| > This is a win for privacy, as you will know if you have ever taken the time to actually examine the cookies on your own machine. Most of the cookies I've seen are some kind of hash. > Second, it allows the client+user to decide if it will issue anonymous (ie: ever-changing) session identifiers, as a public PC in a library should do, or issue a stable user-specific session-id, to get the convenience of being recognized by the server without constant re-authorization. > Today users don't have that choice, since they have no realistic way of knowing which cookies belongs to a particular website due to 3rd-party cookies and image-domain splitting etc. I don't see how this makes sense - what's the difference? Assuming that the session identifier is different between sites (if it's not, then the user has no option to "remove cookies" for a single domain without deauthenticating everywhere, and it's harder to determine which sites are tracking you): - There will still be third party domains involved, since advertisers will still want to correlate traffic between domains; - Sending a new session identifier with every request won't be practical, because you won't be able to log in, but users will be able to set their browsers to send a new identifier when the window is closed or whatever... just as they could currently configure their browser to
clear cookies at that time. Also, anyone who wants to abuse cookies can just use localStorage. > But the only reason HTTP requests don't fit in a single packet to begin with is cookies, get rid of cookies, and almost all requests fit inside the first MTU. Surely it's still useful to deflate things (user-agent...), though, and then what does it matter? > Finally, eliminating cookies improve caching opportunities, which will help both client and server side get a better web experience. How so? The server is perfectly justified in sending different content based on the session identifier, so wouldn't a proxy have to assume it would? But if you want to say the result doesn't depend on cookies, can't you just set a Vary header? > It is trivial to write a module for apache which simulates cookies for old HTTP/1 web-apps: Simply store/look up the cookies in a local database table, indexed by the session-id the client provided. Eh... okay. This still breaks anything that uses JavaScript to interact with the cookies. |
That makes it possible for a UI design where the user can press a button and say "don't surf this site anonymously" with the default being a new random session-id for all other sites.

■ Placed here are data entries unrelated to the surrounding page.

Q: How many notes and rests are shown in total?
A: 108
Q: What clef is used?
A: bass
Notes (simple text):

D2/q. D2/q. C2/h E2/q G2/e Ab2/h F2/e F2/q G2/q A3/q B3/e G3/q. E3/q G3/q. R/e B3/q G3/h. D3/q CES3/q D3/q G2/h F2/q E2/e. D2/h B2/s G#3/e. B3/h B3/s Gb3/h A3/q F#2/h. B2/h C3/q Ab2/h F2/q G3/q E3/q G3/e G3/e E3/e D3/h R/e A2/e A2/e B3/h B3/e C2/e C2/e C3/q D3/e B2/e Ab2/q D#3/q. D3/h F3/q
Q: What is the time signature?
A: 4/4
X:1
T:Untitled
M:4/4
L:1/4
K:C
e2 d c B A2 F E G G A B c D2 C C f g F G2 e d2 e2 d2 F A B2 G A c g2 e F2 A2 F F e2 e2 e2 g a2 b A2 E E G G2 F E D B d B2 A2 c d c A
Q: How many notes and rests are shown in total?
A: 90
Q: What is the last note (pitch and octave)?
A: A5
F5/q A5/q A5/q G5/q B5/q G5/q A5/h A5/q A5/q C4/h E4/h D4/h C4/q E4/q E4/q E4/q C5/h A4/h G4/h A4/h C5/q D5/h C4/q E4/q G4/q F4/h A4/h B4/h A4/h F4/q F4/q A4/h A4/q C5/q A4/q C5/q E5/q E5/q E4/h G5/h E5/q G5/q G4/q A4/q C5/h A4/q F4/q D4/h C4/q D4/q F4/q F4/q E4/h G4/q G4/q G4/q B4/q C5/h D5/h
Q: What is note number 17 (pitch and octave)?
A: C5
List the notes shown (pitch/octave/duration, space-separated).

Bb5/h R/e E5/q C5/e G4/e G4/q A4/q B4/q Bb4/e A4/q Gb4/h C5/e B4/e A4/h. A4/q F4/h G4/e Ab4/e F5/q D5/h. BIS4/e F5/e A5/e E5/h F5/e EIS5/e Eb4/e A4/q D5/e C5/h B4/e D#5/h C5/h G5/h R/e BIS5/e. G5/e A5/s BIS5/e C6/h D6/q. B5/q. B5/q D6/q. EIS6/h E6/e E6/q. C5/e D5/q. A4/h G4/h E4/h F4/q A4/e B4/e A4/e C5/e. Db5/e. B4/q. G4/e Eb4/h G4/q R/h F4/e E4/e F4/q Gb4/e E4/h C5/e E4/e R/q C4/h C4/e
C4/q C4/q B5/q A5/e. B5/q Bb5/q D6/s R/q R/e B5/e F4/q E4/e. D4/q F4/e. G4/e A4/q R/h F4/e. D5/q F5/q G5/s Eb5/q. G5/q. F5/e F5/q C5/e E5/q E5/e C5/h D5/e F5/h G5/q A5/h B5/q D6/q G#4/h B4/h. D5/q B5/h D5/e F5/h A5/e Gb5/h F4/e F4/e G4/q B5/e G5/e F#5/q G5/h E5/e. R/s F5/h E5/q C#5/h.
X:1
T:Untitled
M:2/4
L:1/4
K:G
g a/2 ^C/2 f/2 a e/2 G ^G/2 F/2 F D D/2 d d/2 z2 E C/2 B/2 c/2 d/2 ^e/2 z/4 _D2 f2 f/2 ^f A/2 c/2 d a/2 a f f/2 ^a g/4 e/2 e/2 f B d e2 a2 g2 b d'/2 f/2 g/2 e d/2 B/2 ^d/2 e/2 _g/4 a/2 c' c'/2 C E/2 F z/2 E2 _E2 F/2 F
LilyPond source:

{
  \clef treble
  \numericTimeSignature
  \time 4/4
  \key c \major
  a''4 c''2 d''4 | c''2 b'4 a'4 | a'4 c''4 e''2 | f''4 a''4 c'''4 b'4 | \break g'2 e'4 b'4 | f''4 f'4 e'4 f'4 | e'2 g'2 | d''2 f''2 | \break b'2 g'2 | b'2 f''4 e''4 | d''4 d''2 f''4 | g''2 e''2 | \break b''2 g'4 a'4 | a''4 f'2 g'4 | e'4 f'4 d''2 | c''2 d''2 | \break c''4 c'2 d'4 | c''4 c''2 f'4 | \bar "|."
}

That will make tracking and correlation of webusage much harder, which I really don't see a downside to.
Deflate is bad on its own, it is a DoS amplifier and it makes the job of load-balancers much more resource intensive, because they have to retain compression state for all connections and spend CPU and memory on the inflation.
The server is perfectly justified in customizing content, and we have a header for saying that is the case: Cache-Control.
The problem with cookies is that they disable caching of everything on the site, including favicon.ico and there is nothing the server can do about it, because the cookies are sent on all requests.
Javascript will also have access to the session-id.